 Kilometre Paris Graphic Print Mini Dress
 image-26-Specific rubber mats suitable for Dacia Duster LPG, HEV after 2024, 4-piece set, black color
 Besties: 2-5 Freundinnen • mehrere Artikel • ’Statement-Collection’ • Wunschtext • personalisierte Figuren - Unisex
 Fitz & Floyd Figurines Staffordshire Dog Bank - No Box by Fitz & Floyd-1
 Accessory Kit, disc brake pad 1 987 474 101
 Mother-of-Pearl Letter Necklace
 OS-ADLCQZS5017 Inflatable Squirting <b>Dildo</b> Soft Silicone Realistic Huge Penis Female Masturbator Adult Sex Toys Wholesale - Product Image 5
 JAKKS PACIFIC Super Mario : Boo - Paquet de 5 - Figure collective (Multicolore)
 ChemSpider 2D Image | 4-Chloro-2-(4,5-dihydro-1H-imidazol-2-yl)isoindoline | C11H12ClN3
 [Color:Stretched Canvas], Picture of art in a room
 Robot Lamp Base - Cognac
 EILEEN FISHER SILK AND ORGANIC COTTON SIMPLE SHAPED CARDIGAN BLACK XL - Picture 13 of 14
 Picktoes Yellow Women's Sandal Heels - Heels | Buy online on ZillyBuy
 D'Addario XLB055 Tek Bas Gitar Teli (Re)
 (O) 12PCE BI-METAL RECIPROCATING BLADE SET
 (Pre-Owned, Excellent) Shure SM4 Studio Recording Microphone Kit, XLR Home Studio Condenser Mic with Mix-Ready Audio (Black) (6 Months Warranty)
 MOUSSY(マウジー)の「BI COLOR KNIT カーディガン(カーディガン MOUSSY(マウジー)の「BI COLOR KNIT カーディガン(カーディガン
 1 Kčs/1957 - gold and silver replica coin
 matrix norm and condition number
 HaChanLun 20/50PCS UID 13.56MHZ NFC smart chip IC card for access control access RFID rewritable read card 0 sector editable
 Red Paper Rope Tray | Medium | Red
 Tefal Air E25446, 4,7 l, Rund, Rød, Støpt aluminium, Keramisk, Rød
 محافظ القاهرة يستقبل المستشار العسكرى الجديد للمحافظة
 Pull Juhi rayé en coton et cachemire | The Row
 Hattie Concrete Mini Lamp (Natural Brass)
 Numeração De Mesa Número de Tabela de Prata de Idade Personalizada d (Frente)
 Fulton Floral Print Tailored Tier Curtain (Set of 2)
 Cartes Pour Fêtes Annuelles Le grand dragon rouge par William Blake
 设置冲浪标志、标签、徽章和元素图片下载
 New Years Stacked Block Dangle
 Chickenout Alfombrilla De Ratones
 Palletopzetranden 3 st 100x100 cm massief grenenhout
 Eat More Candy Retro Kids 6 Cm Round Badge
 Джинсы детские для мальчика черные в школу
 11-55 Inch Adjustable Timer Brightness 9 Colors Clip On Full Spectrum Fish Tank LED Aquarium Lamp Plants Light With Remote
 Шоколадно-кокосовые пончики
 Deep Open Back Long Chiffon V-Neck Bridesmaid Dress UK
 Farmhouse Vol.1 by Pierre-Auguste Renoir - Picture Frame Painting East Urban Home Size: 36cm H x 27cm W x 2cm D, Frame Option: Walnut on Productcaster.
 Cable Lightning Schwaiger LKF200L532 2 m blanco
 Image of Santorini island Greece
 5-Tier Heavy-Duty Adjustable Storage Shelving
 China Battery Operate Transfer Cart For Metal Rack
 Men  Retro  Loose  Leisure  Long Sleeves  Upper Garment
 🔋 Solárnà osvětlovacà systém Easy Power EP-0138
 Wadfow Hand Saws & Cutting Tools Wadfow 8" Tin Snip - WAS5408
::::::
Using the data above, repeat every line exactly.

Solved exercise:
 Kilometre Paris Graphic Print Mini Dress
 image-26-Specific rubber mats suitable for Dacia Duster LPG, HEV after 2024, 4-piece set, black color
 Besties: 2-5 Freundinnen • mehrere Artikel • ’Statement-Collection’ • Wunschtext • personalisierte Figuren - Unisex
 Fitz & Floyd Figurines Staffordshire Dog Bank - No Box by Fitz & Floyd-1
 Accessory Kit, disc brake pad 1 987 474 101
 Mother-of-Pearl Letter Necklace
 OS-ADLCQZS5017 Inflatable Squirting <b>Dildo</b> Soft Silicone Realistic Huge Penis Female Masturbator Adult Sex Toys Wholesale - Product Image 5
 JAKKS PACIFIC Super Mario : Boo - Paquet de 5 - Figure collective (Multicolore)
 ChemSpider 2D Image | 4-Chloro-2-(4,5-dihydro-1H-imidazol-2-yl)isoindoline | C11H12ClN3
 [Color:Stretched Canvas], Picture of art in a room
 Robot Lamp Base - Cognac
 EILEEN FISHER SILK AND ORGANIC COTTON SIMPLE SHAPED CARDIGAN BLACK XL - Picture 13 of 14
 Picktoes Yellow Women's Sandal Heels - Heels | Buy online on ZillyBuy
 D'Addario XLB055 Tek Bas Gitar Teli (Re)
 (O) 12PCE BI-METAL RECIPROCATING BLADE SET
 (Pre-Owned, Excellent) Shure SM4 Studio Recording Microphone Kit, XLR Home Studio Condenser Mic with Mix-Ready Audio (Black) (6 Months Warranty)
 MOUSSY(マウジー)の「BI COLOR KNIT カーディガン(カーディガン MOUSSY(マウジー)の「BI COLOR KNIT カーディガン(カーディガン
 1 Kčs/1957 - gold and silver replica coin
 matrix norm and condition number
 HaChanLun 20/50PCS UID 13.56MHZ NFC smart chip IC card for access control access RFID rewritable read card 0 sector editable
 Red Paper Rope Tray | Medium | Red
 Tefal Air E25446, 4,7 l, Rund, Rød, Støpt aluminium, Keramisk, Rød
 محافظ القاهرة يستقبل المستشار العسكرى الجديد للمحافظة
 Pull Juhi rayé en coton et cachemire | The Row
 Hattie Concrete Mini Lamp (Natural Brass)
 Numeração De Mesa Número de Tabela de Prata de Idade Personalizada d (Frente)
 Fulton Floral Print Tailored Tier Curtain (Set of 2)
 Cartes Pour Fêtes Annuelles Le grand dragon rouge par William Blake
 设置冲浪标志、标签、徽章和元素图片下载
 New Years Stacked Block Dangle
 Chickenout Alfombrilla De Ratones
 Palletopzetranden 3 st 100x100 cm massief grenenhout
 Eat More Candy Retro Kids 6 Cm Round Badge
 Джинсы детские для мальчика черные в школу
 11-55 Inch Adjustable Timer Brightness 9 Colors Clip On Full Spectrum Fish Tank LED Aquarium Lamp Plants Light With Remote
 Шоколадно-кокосовые пончики
 Deep Open Back Long Chiffon V-Neck Bridesmaid Dress UK
 Farmhouse Vol.1 by Pierre-Auguste Renoir - Picture Frame Painting East Urban Home Size: 36cm H x 27cm W x 2cm D, Frame Option: Walnut on Productcaster.
 Cable Lightning Schwaiger LKF200L532 2 m blanco
 Image of Santorini island Greece
 5-Tier Heavy-Duty Adjustable Storage Shelving
 China Battery Operate Transfer Cart For Metal Rack
 Men  Retro  Loose  Leisure  Long Sleeves  Upper Garment
 🔋 Solárnà osvětlovacà systém Easy Power EP-0138
 Wadfow Hand Saws & Cutting Tools Wadfow 8" Tin Snip - WAS5408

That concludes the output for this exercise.